Hugh Alan Craig Cairns, (2 March 1930 – 27 August 2018) was a Canadian political scientist and professor. His scholarship focused on diverse topics within Canadian politics, including federalism, the Charter of Rights and Freedoms, electoral politics, the role of the courts, the Judicial Committee of the Privy Council, and Indigenous issues. Cairns was a leading expert of federalism and governance, and his scholarship remains foundational in Canadian political science.

==Biography==

=== Early life ===
Cairns was born on 2 March 1930 in Galt, Ontario (modern day Cambridge, Ontario) to Scottish immigrants Hugh Cairns and Lily Crawford, a factory worker and homemaker respectively. He had two older brothers, John and Jim Cairns. He was a star pitcher for the baseball team the Galt Pups.

=== Education ===
For secondary school, Cairns attended Galt Collegiate Institute and Vocational School.
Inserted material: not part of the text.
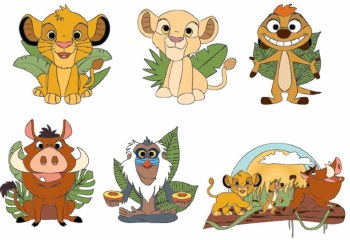 Disney Lion King Blind Box Pin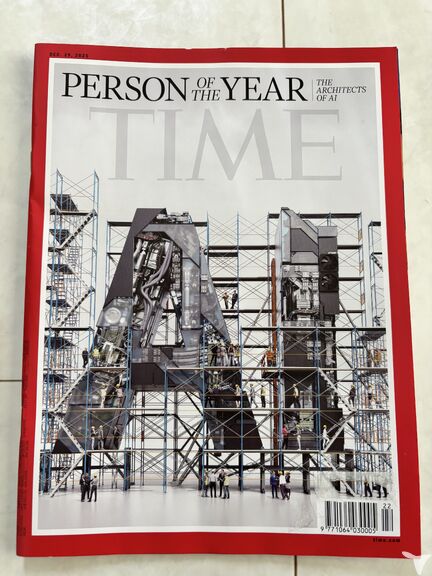 アメリカ　タイム誌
He did his undergraduate and master's degrees at the University of Toronto. He achieved his doctorate at Oxford University, conducting research on British precolonial views of Africa while in Rhodesia.

=== Career ===
Cairns worked as a professor at the University of British Columbia from 1960 to his retirement in 1995. He served as the head of the political science department from 1973 to 1980. He held visiting appointments at Harvard University, University of Toronto, Memorial University of Newfoundland, University of Edinburgh, Queen's University, University of Saskatchewan, and York University. Starting 2000, after his retirement from University of British Columbia, he served as adjunct professor at the University of Waterloo, as a guest lecturer in upper year seminars and an examiner for masters defences.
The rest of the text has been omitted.